Not that I have anything against Gustav Mahler, the recipient of Tortelier’s barbs – even if he didn’t write any cello music and even if it is necessary to severely curtail the intake of fluid before attending (and especially before playing) one of his lengthier offerings.

But the classical music world’s dedicated following of fashion neither helps its cause nor, most importantly, its audience. Half a century ago Rachmaninov was the highest profile victim of the classical fashion stakes. For years his music was regarded as being little more than fin-de-siecle schmaltz: his Second Piano Concerto was dismissed as “a mournful banqueting on jam and honey” at its New York premiere. Today his stock rides high – this summer’s Proms season features all four of his piano concertos, both symphonies and a host of other works including his remarkable Vespers (All Night Vigil). But those with a taste for Cesar Franck, for example, will have to wait a long time to hear any of his music in the concert hall. Franck’s Violin Sonata maintains a tenuous hold on the repertoire but whatever has happened to the once ubiquitous Symphony or the fine Symphonic Variations for Piano and Orchestra?
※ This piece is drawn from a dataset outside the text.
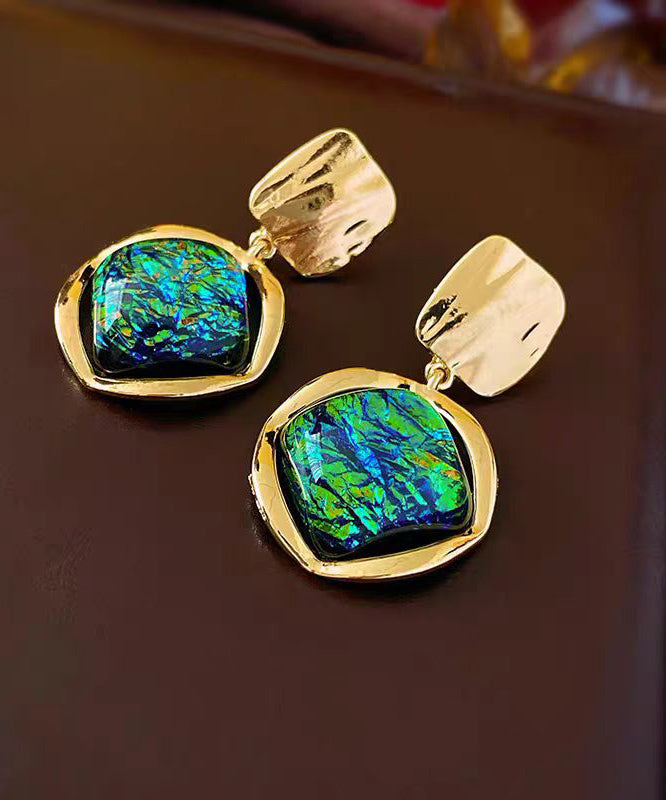 New Green Alloy Geometric Diamond Earrings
Franck is a good example of a once popular composer who has been all-but expunged from the repertory. Perceived wisdom has it that his music – like Rachmaninov’s before him – is too indulgent and lacks subtlety: in a word it is too ‘cheesy’. Do audiences agree? I don’t think so. But it is conductors who rule the roost and conductors who select the music we hear. And, being human – although Nigel Kennedy may disagree with me about that – they are hardly averse to choosing works that show off their podium skills.

Which is why Delius’ music barely gets a look in nowadays. Half a century ago conductors like Beecham, Barbirolli and Sargent had the confidence to slip in such tasty Delian morsels as ‘A Song Before Sunrise’ or ‘Summer Night On The River’ without worrying that the music ends quietly and there is no burst of applause at the finish.

But in case you are thinking that it’s only the romantics who suffer from classical music’s mood swings, consider the plight of those twentieth century titians Honegger and Hindemith. Perhaps their contrapuntal complexities do not suit every palette but their music hardly deserves such total neglect. Honegger once observed that “the first requirement for a composer is to be dead” but his idea of a good career move has singularly failed to bring his music to life. Even his once slightly popular overture Pacific 231 – a quirky piece depicting an express train – spends most of its time gathering dust in a siding.

Sometimes it seems as if the choice of music we hear in the concert hall is becoming ever more limited. But all is not lost. At the London Philharmonic conductor Vladimir Jurowski has been winning rave reviews for performances of Honegger’s large scale works and the new Proms supremo, Roger Wright has made some brave choices in his first season this summer – could anything be less fashionable than Ethel Smyth’s Concerto for Horn and Violin?(August 4).

Both Wright and Jurowski deserve applause for their enterprise as the classical canon – seven hundred years old and still growing – is far more than a restrictive ‘hall of fame’ and is filled with hidden treasures.